Il progetto vuole provare a dare giustizia ai musicisti che il mondo ha perso a causa della depressione, sottolineando che è sbagliato romantizzare una malattia così importante. Creando un album che il club dei 27 non ha mai potuto realizzare, Over the Bridge vuole anche incoraggiare ogni professionista del mondo della musica (e non solo) a richiedere l’aiuto necessario per affrontare un male invisibile.
Google Magenta: l’IA che compone brani
Dietro l’album del club dei 27 c’è Magenta, software di IA di Google che compone brani di un’artista dopo averne “ascoltato” le opere.

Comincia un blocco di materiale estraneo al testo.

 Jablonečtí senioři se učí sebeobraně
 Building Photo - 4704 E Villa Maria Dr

Il progetto, che è open-source e in continuo sviluppo, vuole esplorare il ruolo del machine learning nel processo creativo, utilizzando, tra le altre cose, reti neurali per comporre pezzi o trascriverli. Magenta è distribuito sia come libreria Python che come API Javascript (Magenta.js).
L’applicazione usata per l’album è stata MidiMe, che permette l’upload di tracce midi come training set per produrre suoni quanto più simili ai brani caricati. Per realizzare un singolo pezzo di un artista sono stati usati dalle 20 alle 30 canzoni. O’ Connor, uno dei fondatori di Over the Bridge, ha spiegato che nel processo di training non sono stati caricati brani interi, ma riff, assoli o ritornelli raggruppati e utilizzati volta per volta. Questo ha permesso di “non confondere” il software e produrre passaggi molto validi, da cui sono stati estratti quelli che hanno composto il brano finale.

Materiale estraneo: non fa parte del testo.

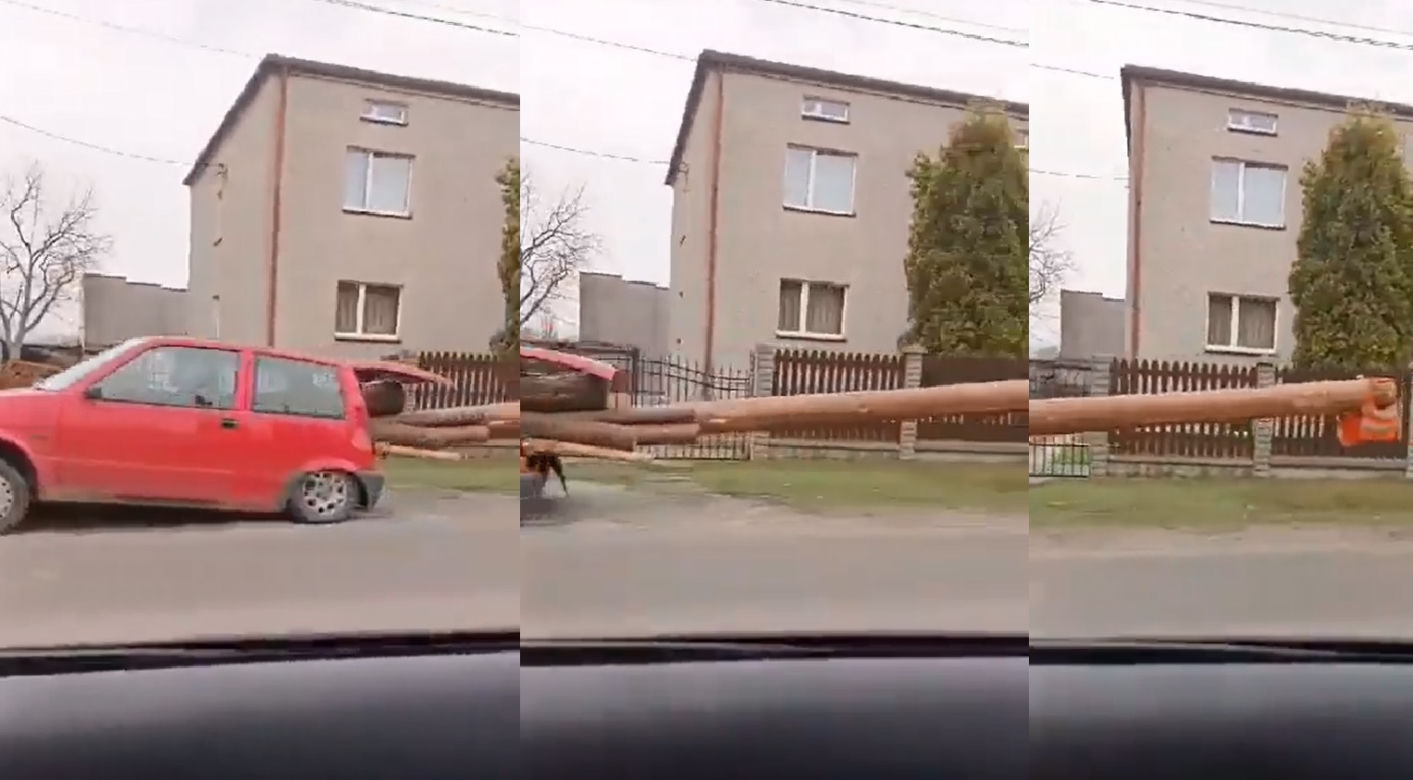 Wiózł cinquecento wielkie kawały drzewa. Auto ledwo jechało. W końcu zatrzymała go policja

Magenta offre una grande varietà di strumenti per gli artisti. Tra le web app più interessanti c’è DrumBot, che permette di creare musica con un batterista artificiale che crea la base sopra la melodia che si sta suonando. Runn, invece, è un gioco musicale in cui il giocatore deve completare dei livelli platform per ascoltare l’intera canzone. La particolarità sta nel fatto che ogni livello è generato in real-time sulla base della canzone caricata, ed è quindi unico nel suo genere.

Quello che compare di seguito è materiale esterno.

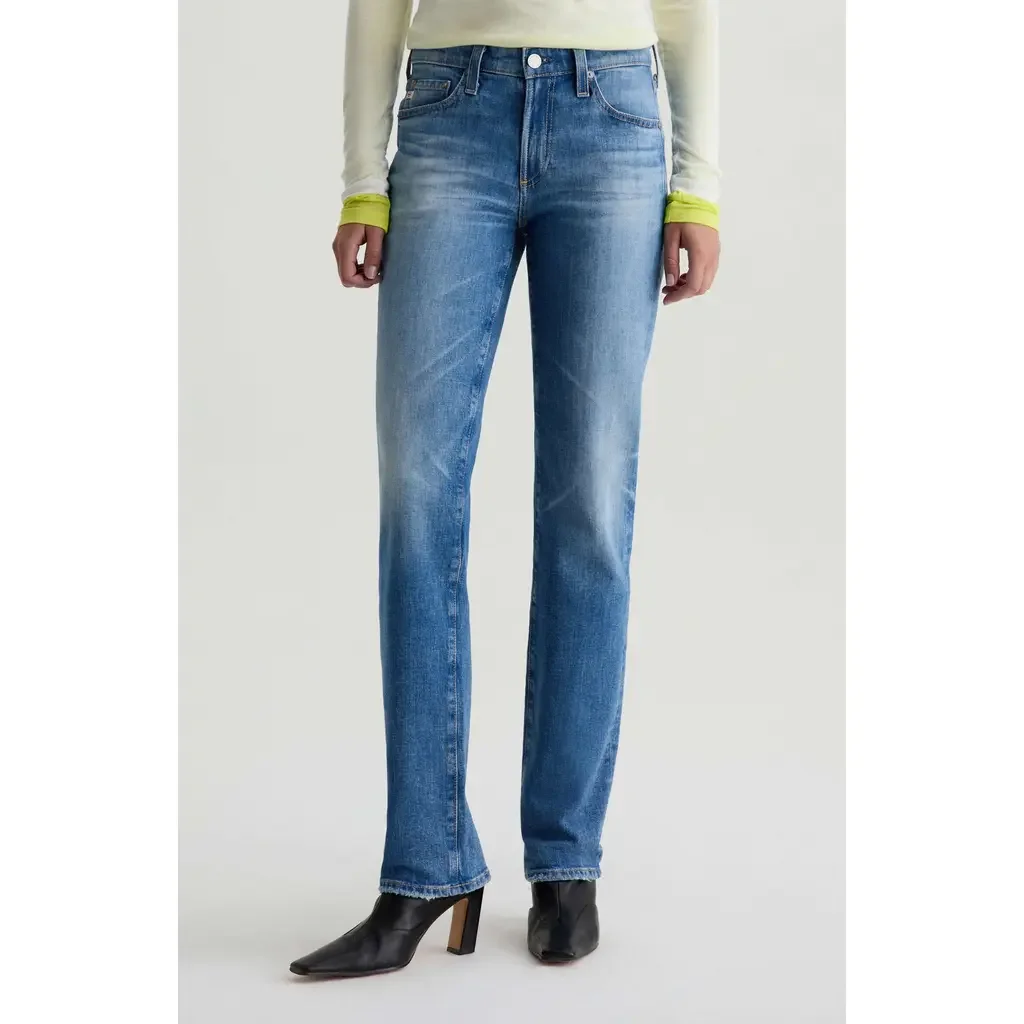 AG AG Sandra Low Rise Slim Straight Leg Jeans in 15 Years Regal — Women Winter blue Pants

Anche in questo caso l’avanzamento tecnologico è riuscito a stupirci. Fino a qualche anno fa non avremmo mai pensato che una macchina potesse essere in grado di creare dell’arte, simulando così bene uno stile esistente. La consapevolezza che dietro l’opera c’è un software toglie molto dell’emozione di una composizione “umana”, ma ci regala tanta meraviglia e curiosità: quale sarà il prossimo limite ad essere superato?